MapR Reports Accelerated OpenTSDB Performance
Eyeing new Internet of Things (IoT) applications, MapR Technologies said its open-source distribution of Apache Hadoop “ingested” more than 100 million data points per second.
The performance benchmark for the MapR distribution with its in-Hadoop NoSQL database, MapR-DB, was achieved using only four nodes of a ten-node cluster. By accelerating its OpenTSDB software by a factor of 1,000 on a small cluster, MapR claimed the performance clears the way for managing huge amounts of data along with IoT and other real-time data analysis applications.
Such advances will be needed soon amid soaring data projections over the next decade as IoT sensors begin sweeping up more unstructured data. For example, one recent forecast predicted a ten-fold increase in data volumes by 2020. Moreover, networking specialist Cisco System estimates there will be 50 billion connected devices in the same timeframe.
MapR also projects that the accelerated performance of OpenTSDB also could enable specific data analysis applications like datacenter and industrial monitoring as well as predictive maintenance of distributed hardware systems.
The company said OpenTSDB is primarily used to store and analyze time-series data, that is, a sequence of successive data points. “Originally designed for only datacenter monitoring, poor ingest performance had limited the expansion of its use,” Ted Dunning, MapR’s chief application architect, explained in a statement announcing the accelerated performance. “This benchmark demonstrates a viable option for new applications.”
MapR asserts that time series databases that can take advantage of accelerated performance from tools like OpenTSDB will be needed to store and analyze huge new datasets in real time.
MapR announced the acceleration of OpenTSDB performance by 1,000 times on a four-node cluster during this week’s Tableau Conference in Seattle.

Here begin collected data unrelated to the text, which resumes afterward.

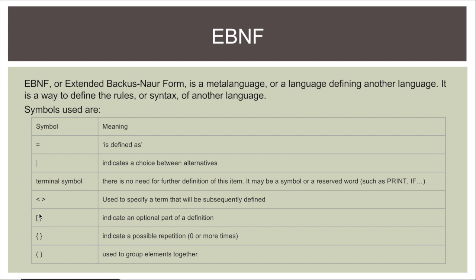The square brackets indicate an optional part of a definition. So anything in square brackets is completely optional. You don't have to use it but you can.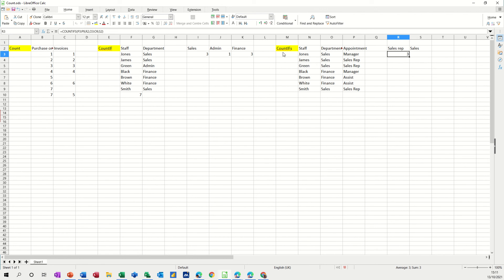So that's COUNTIFS. So there's a quick look at different count functions, hopefully that was of use to you. Thank you for your time, and I'll see you on the next one.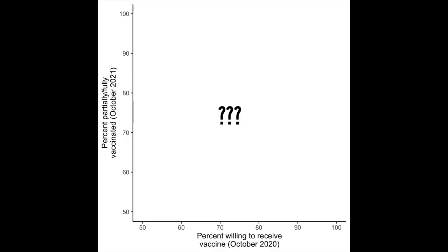Of course, a year ago we didn't have a vaccine and so it was kind of idle speculation. So here we are a year later, did people get vaccinated if they said they were going to get vaccinated? Well, in the last episode,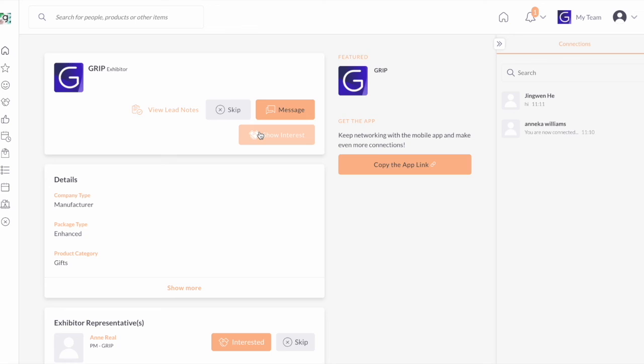And always, you can make any changes at any time on both company profile and products through your exhibitor zone.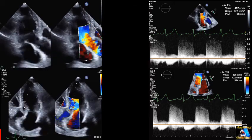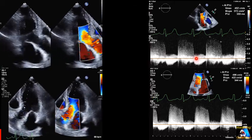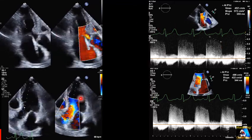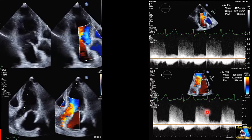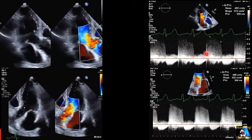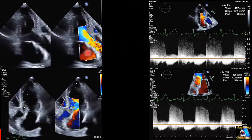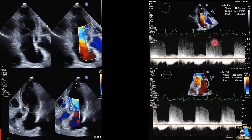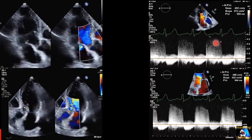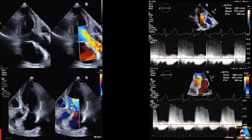Here we have scanning of a patient in apical three-chamber and apical five-chamber views. Based on the findings on the right side, each belongs to the respective view. This one belongs to apical three and this one to apical five. Which one do you choose for calculating or grading regurgitation — apical three or apical five — and why? Which one is more correct?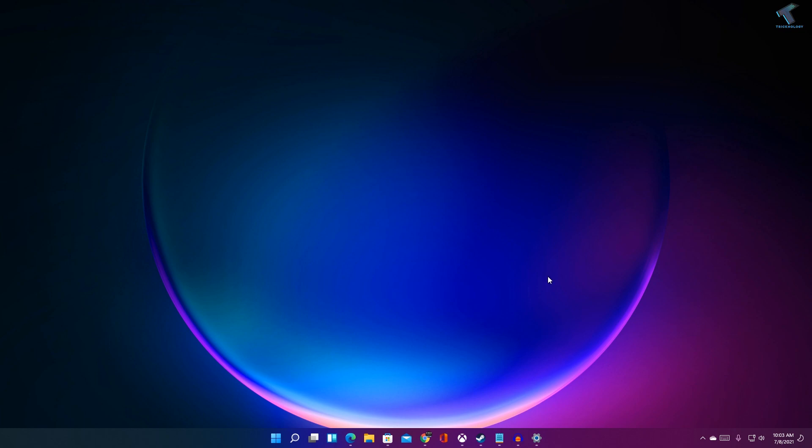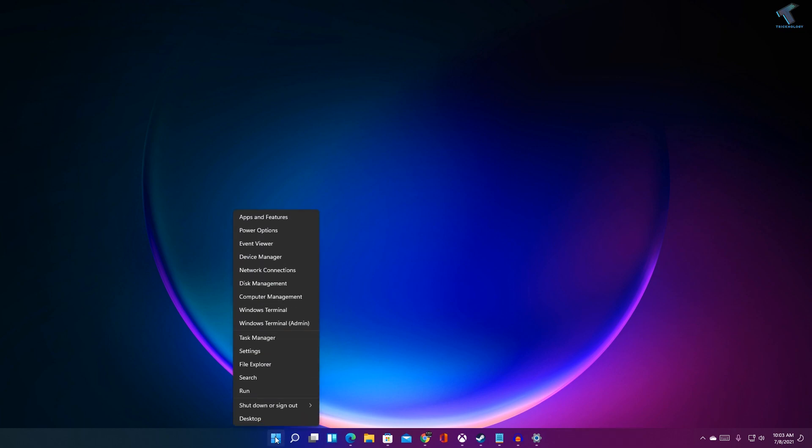First of all, what you have to do is right-click on your taskbar and click on taskbar settings, or else you can right-click on your start menu and click on the settings option.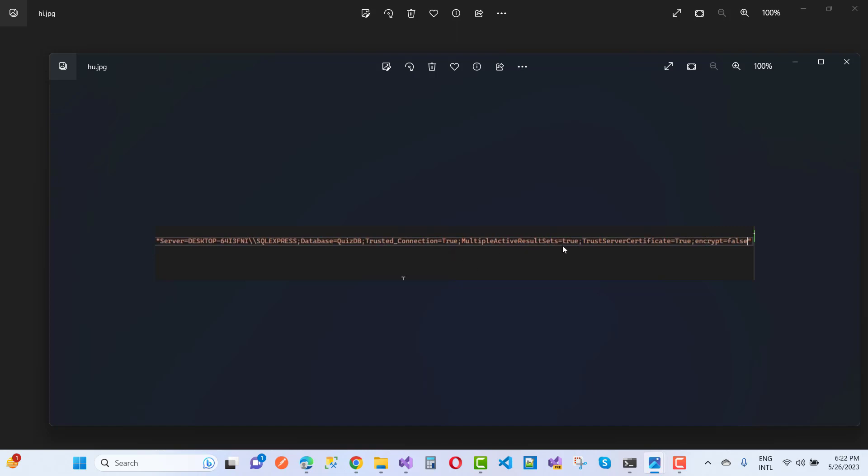Multiple active result sets equals true means you can fire multiple queries with your database. Now, your problem is fixed by this line of code: trust server certificate equals true.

MapR describes OpenTSDB as a scalable time series database built on top of Hadoop and the column-oriented database management system Apache HBase. It is touted as simplifying the process of storing and analyzing large amounts of time-series data from sources like server operations and load metrics as well as sensors measuring, for example, environmental data.
According to MapR, OpenTSDB works by exposing two programming interfaces: Write API, in which servers or sensors send data to the API and OpenTSDB formats the data and stores it in HBase; and Read API, in which users or software access the interface to retrieve time-series data that is aggregated, registered, grouped and graphed as it is retrieved.
Open TSDB is designed to work natively with MapR-DB that in turn implements the HBase API. The company said it has recently enhanced OpenTSDB to improve performance and scalability “by several orders of magnitude.” The enhancements are intended to make it a preferred solution for very large-scale time-series analysis applications.
MapR said an advanced copy of OpenTSDB with enhancements is available at the mapr-demos Github page.